The title of the story “The Sisters” indicates that the focus is on the two sisters, Marta and Sukey, who are devoted to each other.


  • Greed and how it affects people’s lives

Burgert de Jager’s obsessive greed to keep his lands and to have water to irrigate the land blinds him to the effect of his actions on his daughters. Jan Redlinghuis’s greed to possess Marta and to display her around the district in the end killed both her and him.

  • Powerlessness of women

According to Van Niekerk (1990:19), men’s urge to have power over women and land by means of possession and exploitation. In the story, the power of men is shown in the way that Burgert de Jager used Marta, as a pawn in his battle to keep his lands. She had no power over her fate, and she got married off to Jan Redlinghuis. Marta had no power to stop Jan Redlinghuis from parading her and boasting to everyone that her father had sold her to him.

  • The power of love between sisters

Sukey was prepared to sacrifice herself to Jan Redlinghuis in order to save her weaker sister, Marta from marriage. Marta tries to comfort and reassure Sukey that she is ready to accept her fate.

Analysis of the Short Story


  • Little Karoo, near Oudtshoorn, neighbouring farms, Bitterwater and Zeekoegatt in vicinity of the Platkops.
  • Even though there are few descriptions in the story, we know that Little Karoo is a very harsh and drought-stricken world.
  • The water rights from the Ghamka River.

Structure and Plot Development

The complication in the story arises from the fact that Burgert de Jager has tried for many years to get water from Ghamka river through a neighbouring farm owned by Jan Redlinghuis and has spent a great deal of money on legal fees. He is so obsessed with this that he does not notice how it is affecting his wife, who dies in his “bitterness and sorrow”.
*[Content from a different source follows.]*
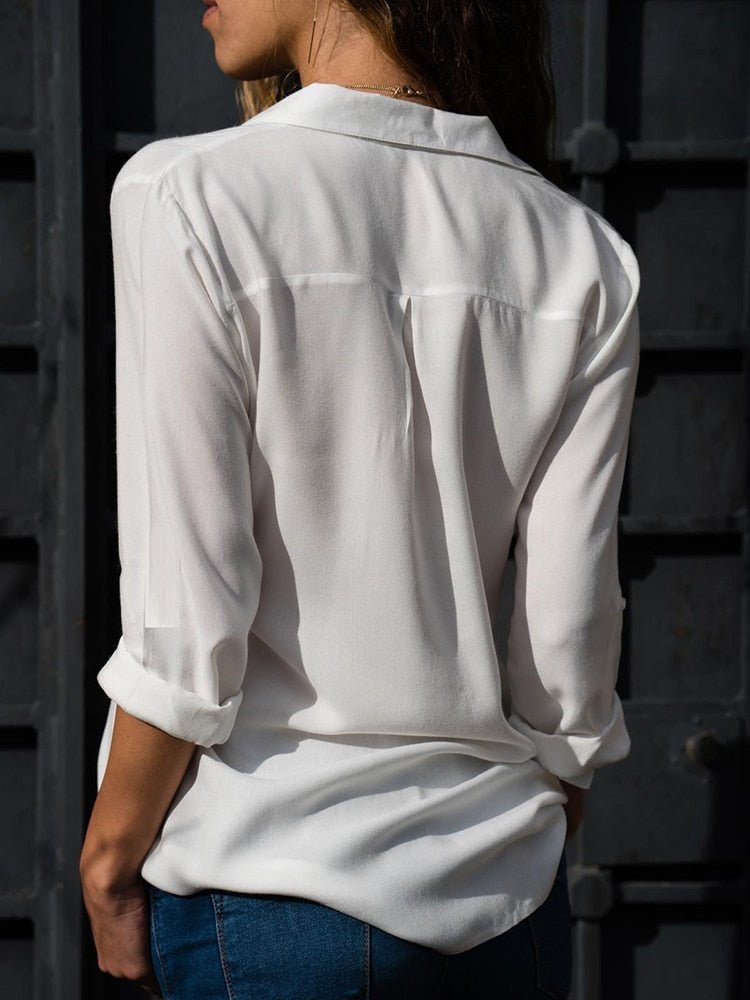 Yara | Dames Relaxed-Fit Luchtige Knoop Blouse met Oprolbare Mouwen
The conflict between the two farmers creates the tension in the story. Burget de Jager eventually owes Jan Redlinghuis so much money for allowing the water to pass through his farms that he is forced to make a deal with him (Redlinghuis will either marry Marta or take over the Burget de Jager’s farm). This tension rises in the story when De Jager decides that Marta must marry Jan Redlinghuis to save the farm.

The story reaches a climax when Marta becomes weaker and weaker from the humiliation of her position, and eventually dies. Sukey is very unforgiving towards her father and blames him for the deaths of both her mother and sister. This causes tension and conflict between Sukey and her father.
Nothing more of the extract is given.